BEGIN TASK INPUT

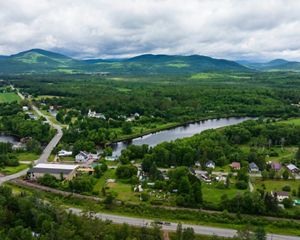 Aerial image of town, river and mountains.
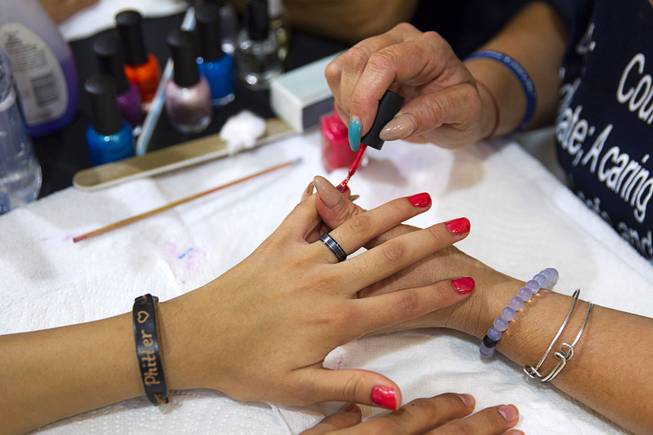 A girl has her nails done during a special back-to-school event for foster children at Square Salon, 1225 South Fort Apache Blvd., during a Sunday, August 10, 2014. The event was sponsored by the CASA Foundation, a local non-profit organization, in partnership with Square Salon and other organizations.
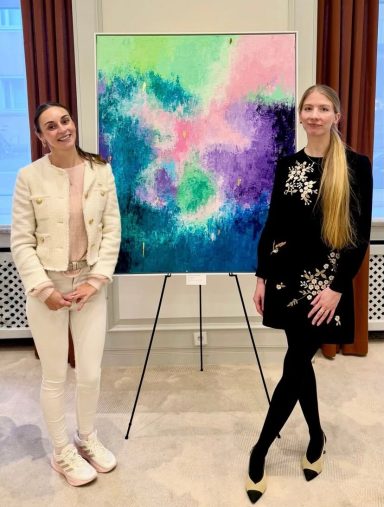 Organisatorin Miriam Guba mit Künstlerin Carola Fleischhauer vor einem ihrer Werke Zwei Frauen stehen neben einem farbenfrohen Gemälde in einem hellen Raum.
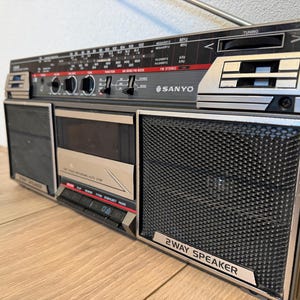 Op de afbeelding: Een vintage Sanyo boombox met een zilver en zwart kleurenschema. De radio heeft een cassettespeler, afstemknop en luidsprekerroosters. De tekst "SANYO" is zichtbaar op de voorkant. De boombox heeft een telescopische antenne en diverse bedieningsknoppen.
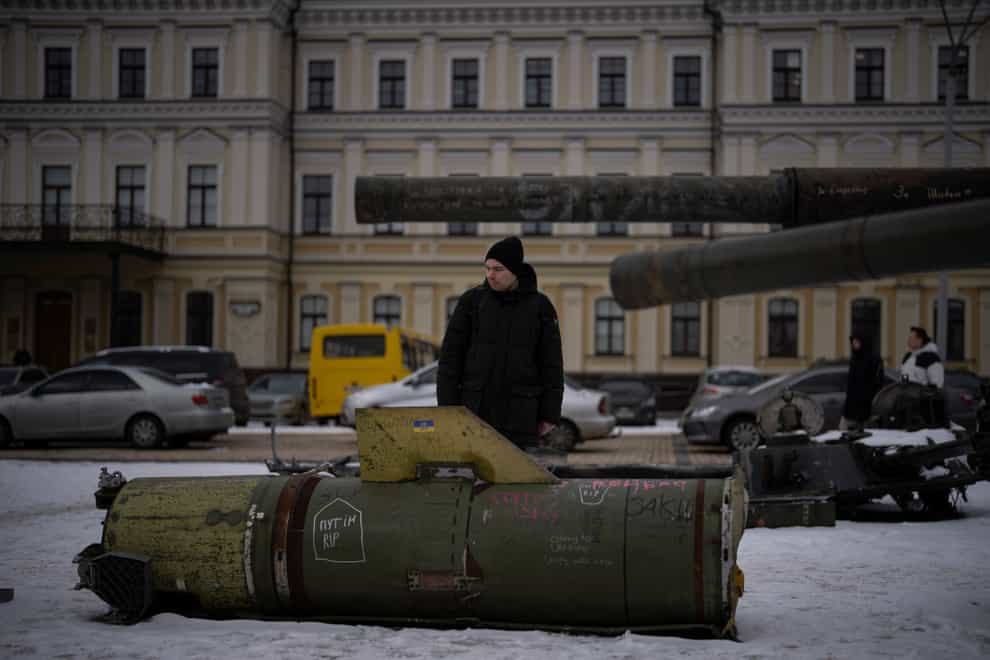 A man looks at the remains of a Russian missile displayed in central Kyiv, Ukraine (Daniel Cole/AP)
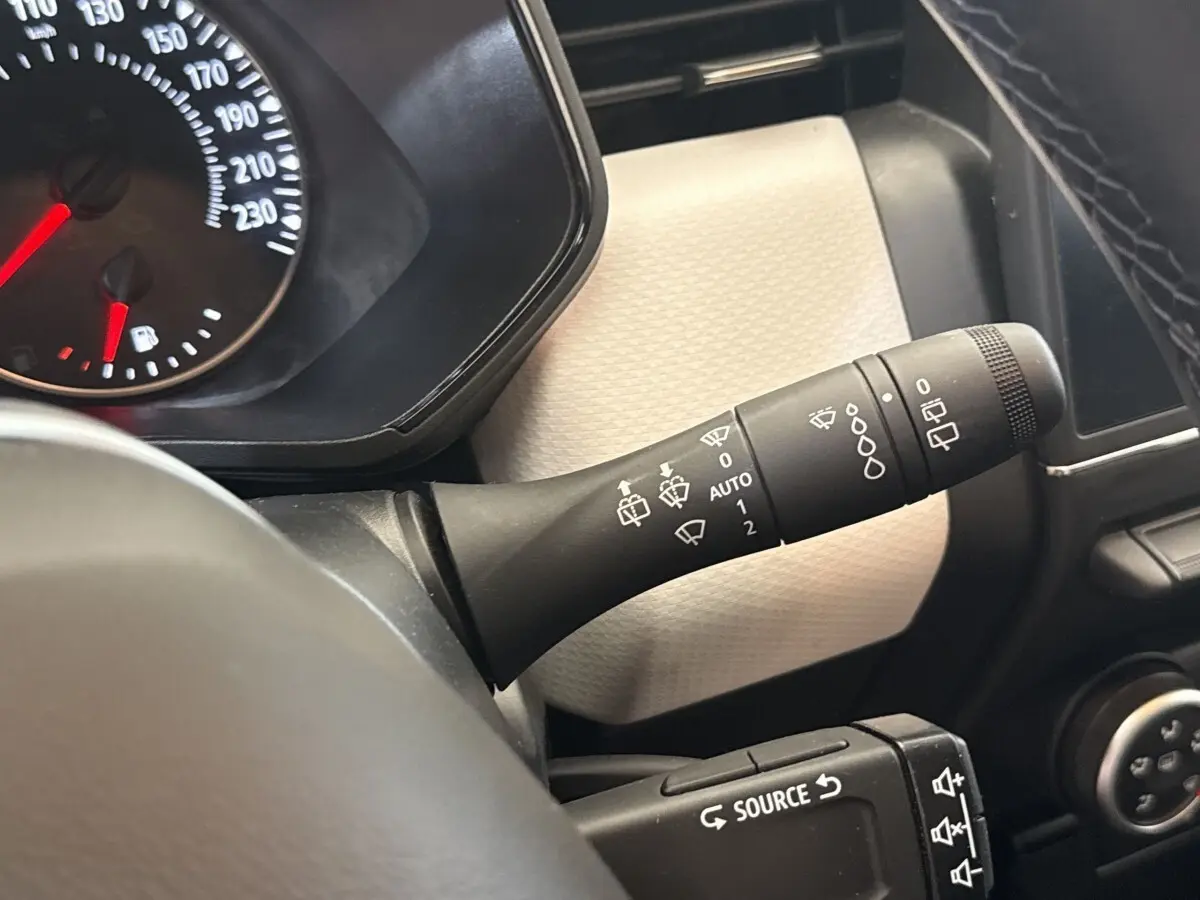 Gros plan sur la manette d’essuie-glace et le compteur de la Renault Clio blanche, vue côté conducteur intérieur.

END TASK INPUT

→ WORK TO COMPLETE
Output the records above exactly; leave out the pictures.

→ ANSWER BOX
 Aerial image of town, river and mountains.
 A girl has her nails done during a special back-to-school event for foster children at Square Salon, 1225 South Fort Apache Blvd., during a Sunday, August 10, 2014. The event was sponsored by the CASA Foundation, a local non-profit organization, in partnership with Square Salon and other organizations.
 Organisatorin Miriam Guba mit Künstlerin Carola Fleischhauer vor einem ihrer Werke Zwei Frauen stehen neben einem farbenfrohen Gemälde in einem hellen Raum.
 Op de afbeelding: Een vintage Sanyo boombox met een zilver en zwart kleurenschema. De radio heeft een cassettespeler, afstemknop en luidsprekerroosters. De tekst "SANYO" is zichtbaar op de voorkant. De boombox heeft een telescopische antenne en diverse bedieningsknoppen.
 A man looks at the remains of a Russian missile displayed in central Kyiv, Ukraine (Daniel Cole/AP)
 Gros plan sur la manette d’essuie-glace et le compteur de la Renault Clio blanche, vue côté conducteur intérieur.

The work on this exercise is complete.